INPUT DATA
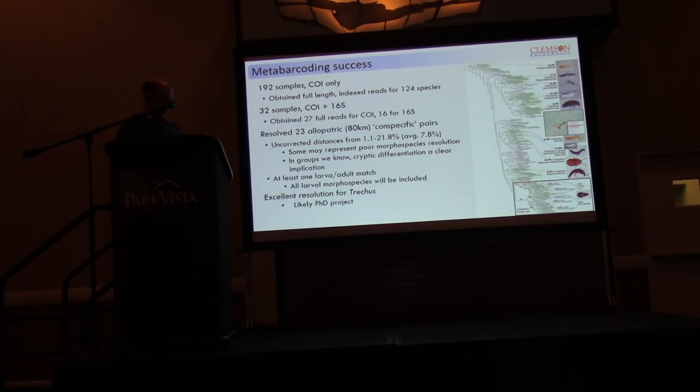The Trechus ground beetles will be the focus of a PhD project for a student I'm hoping will be starting in my lab next fall. We've got really good resolution among populations and species and we'll be doing a lot more with that to understand how they've experienced this landscape over the last potentially 30–40 million years.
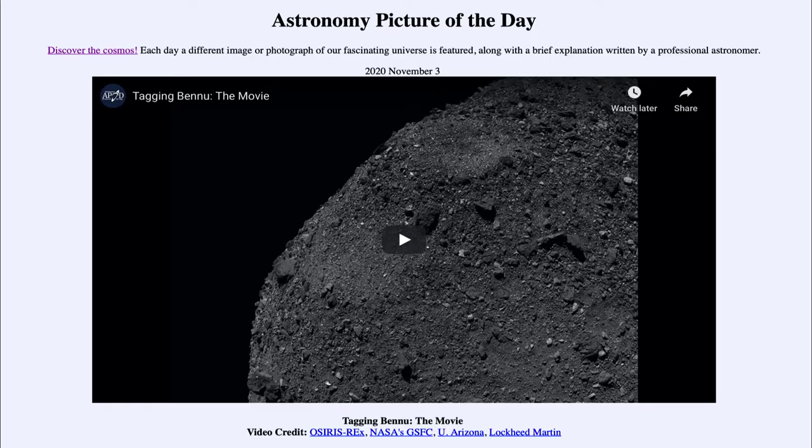Greetings and welcome to the introduction to astronomy. One of the things I like to do in each of my introductory astronomy classes is begin with the astronomy picture of the day from the NASA website — that is apod.nasa.gov/apod. Today's picture for November 3rd, 2020 is titled 'Tagging Bennu: The Movie.'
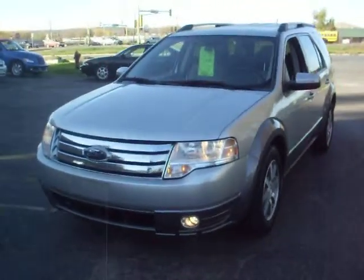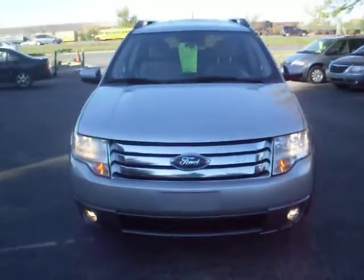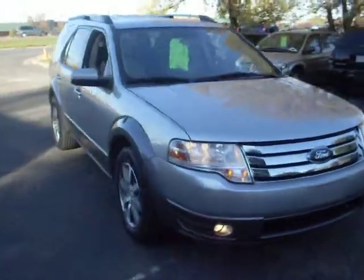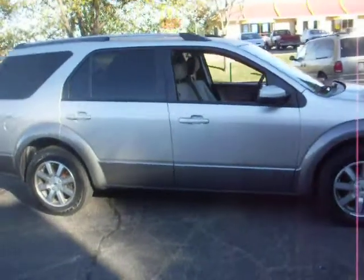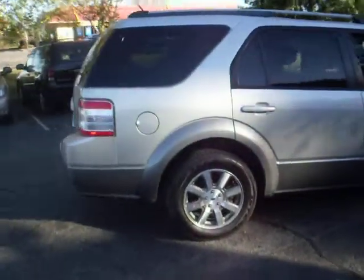Ride Auto. We have a 2008 Ford Taurus X SUV, 3.5 liter V6. This one's a two-tone gray and silver. As you can see, the body is very clean.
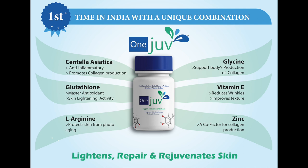Doctor, Glutathione in OneJoof acts as a master antioxidant which helps combat free radicals and has skin lightening activity.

ASSIGNED TASK
Please set down every line of the data above precisely, dropping the images.

RESPONSE TO THE TASK
The Trechus ground beetles will be the focus of a PhD project for a student I'm hoping will be starting in my lab next fall. We've got really good resolution among populations and species and we'll be doing a lot more with that to understand how they've experienced this landscape over the last potentially 30–40 million years.
Greetings and welcome to the introduction to astronomy. One of the things I like to do in each of my introductory astronomy classes is begin with the astronomy picture of the day from the NASA website — that is apod.nasa.gov/apod. Today's picture for November 3rd, 2020 is titled 'Tagging Bennu: The Movie.'
Ride Auto. We have a 2008 Ford Taurus X SUV, 3.5 liter V6. This one's a two-tone gray and silver. As you can see, the body is very clean.
Doctor, Glutathione in OneJoof acts as a master antioxidant which helps combat free radicals and has skin lightening activity.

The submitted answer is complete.